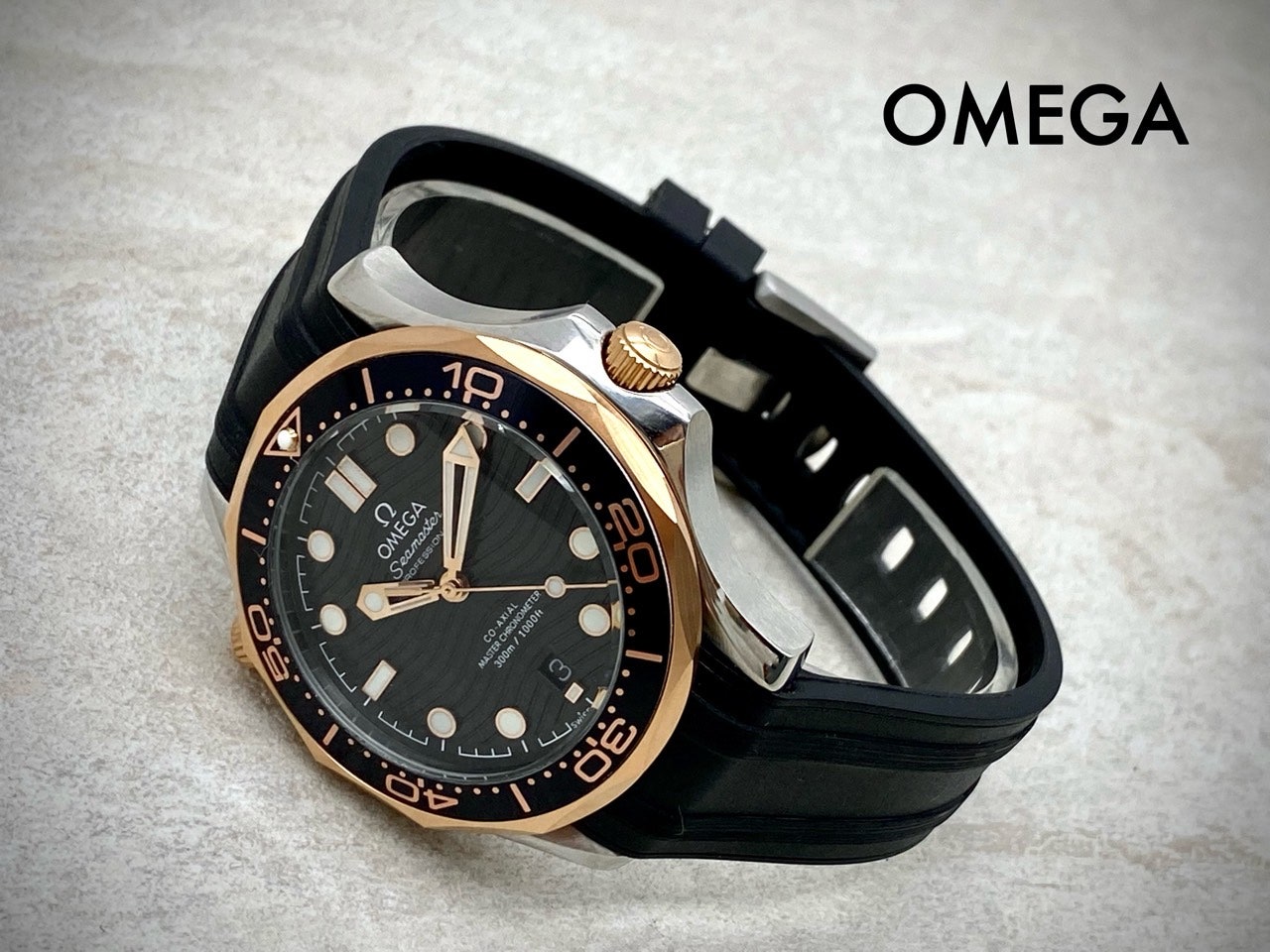 i_jgjUd018svc62jovj7wvxc2_vq7l87.jpg i_jgjUd018svc62jovj7wvxc2_vq7l87.jpg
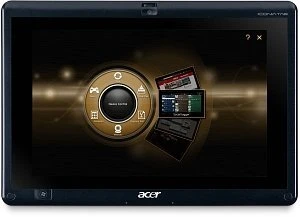 Acer Iconia Tab W500, 32GB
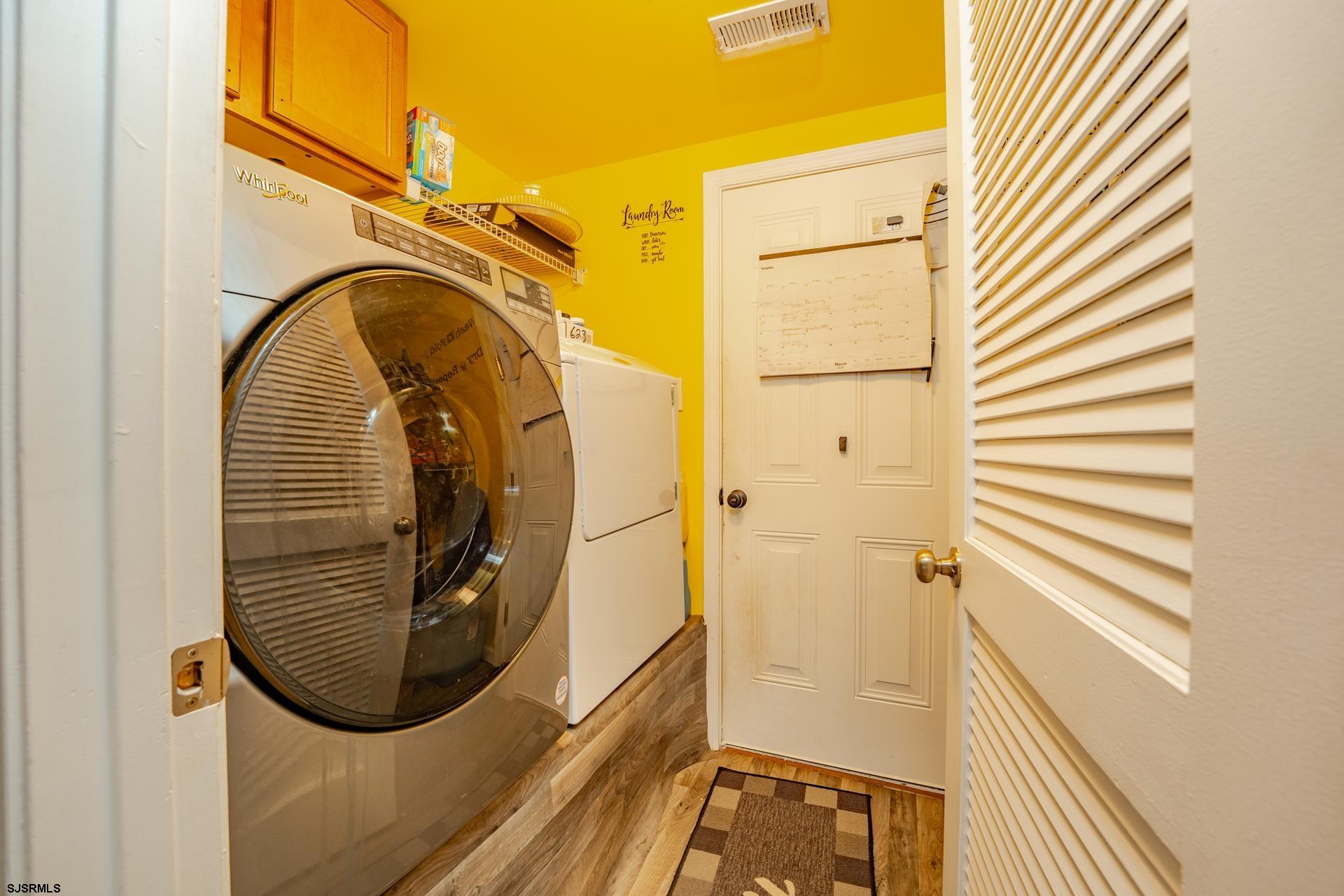 19 Rue Chagall Mays Landing, NJ 08330 - Photo 24 of 68 Gallery Image 24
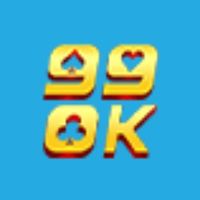 99okrentals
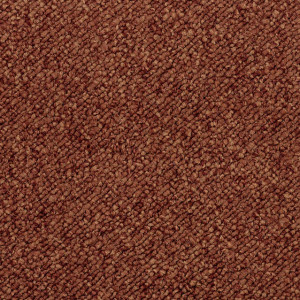 Ковровая плитка Desso Pallas 2088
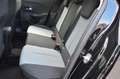 Opel Corsa F 1.2 LHz"CarPlay"LM"LED"KLIMA"SZhZ"wenig Schwarz - thumbnail 14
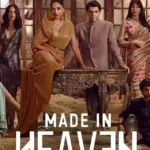 Made In Heaven' Season 2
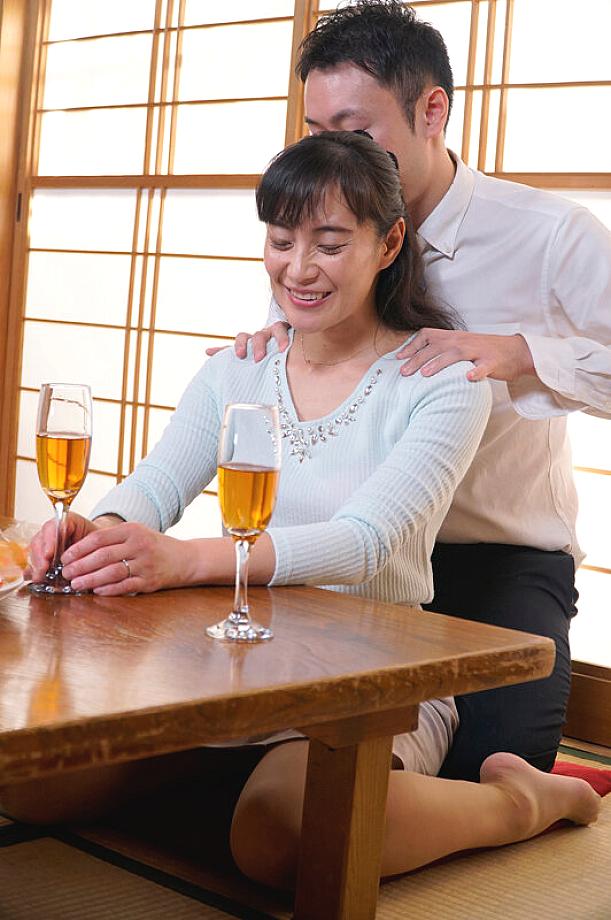 JJEX-003 JAV Films English - 00:11:00 - 00:23:00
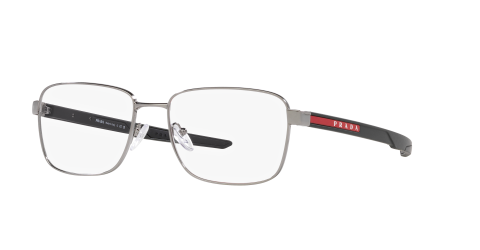 Prada Linea Rossa  PS 54OV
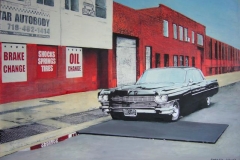 Painted-pics5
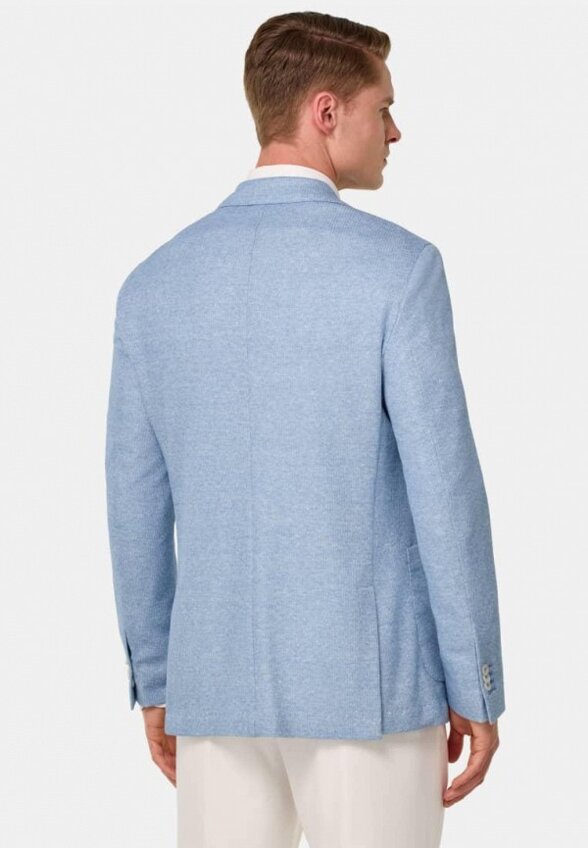 Пиджак Boggi Milano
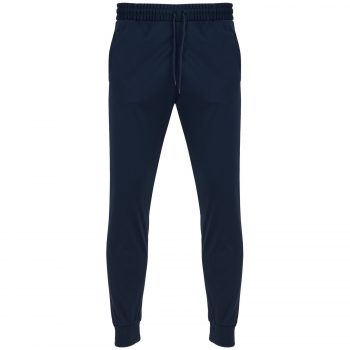 CHANDAL CRETA PANTALON DE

▸ Problem details
In the records above, find the line that contains "Ковровая плитка Desso Pallas 2088". Retype it and every line after it, exactly, leaving out all pictures.

▸ Response
 Ковровая плитка Desso Pallas 2088
 Opel Corsa F 1.2 LHz"CarPlay"LM"LED"KLIMA"SZhZ"wenig Schwarz - thumbnail 14
 Made In Heaven' Season 2
 JJEX-003 JAV Films English - 00:11:00 - 00:23:00
 Prada Linea Rossa  PS 54OV
 Painted-pics5
 Пиджак Boggi Milano
 CHANDAL CRETA PANTALON DE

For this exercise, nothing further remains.